The orchestrator names a proposer, names a critic, rejects critic_id == proposer_id, and requires a structured critique artifact. The artifact must contain:
- proposer identity;
- critic identity;
- the artifact being critiqued;
- weaknesses, risks, or rejected assumptions;
- suggestions or next action;
- a score or verdict;
- an explicit
no_defect_foundverdict if no weakness is found.
The role label is not enough. The load-bearing structure is identity separation plus a required negative channel.
Mechanism
- Assign role identities. Give each proposal an
author_id, and give each critique a distinctcritic_id. - Reject self-critique. The orchestrator refuses to route a proposal back to its author as the adversary.
- Run the critic under a findings schema. The critic returns structured weaknesses, suggestions, score, and verdict.
- Require a negative channel.
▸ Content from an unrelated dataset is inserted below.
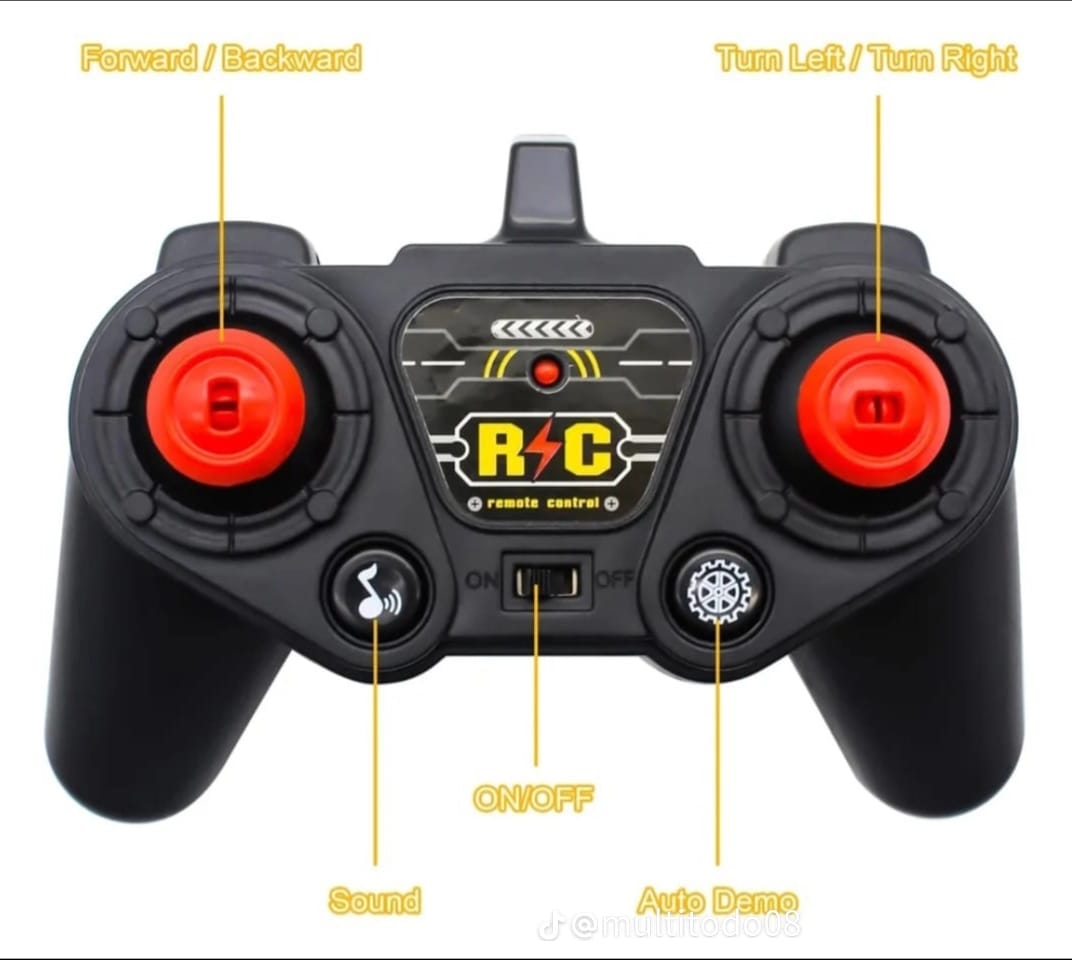 CAMIÓN SEMIRREMOLQUE DE JUEGUETE CON CONTROL REMOTO - Imagen 2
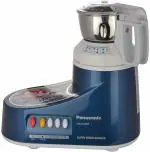 Panasonic Super MX-AC300S 550-Watt Mixer Grinder with 3 Jars, Blue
A critique must contain at least one weakness or an explicit
no_defect_foundverdict. - Route findings onward. Findings gate release, route to Backpressure, or escalate. Routing is outside this card; the adversary only creates the failure signal.
Pattern / Antipattern
The same task: evaluate a proposal before it can advance. The antipattern side is intentionally uncovered in this pass. The pattern side shows the minimal identity and negative-channel assertions a verifier can inspect.
Antipattern: uncovered confirmatory-critic instance
No strict Adversary antipattern was promoted from the OSS bench surveyed for this catalog.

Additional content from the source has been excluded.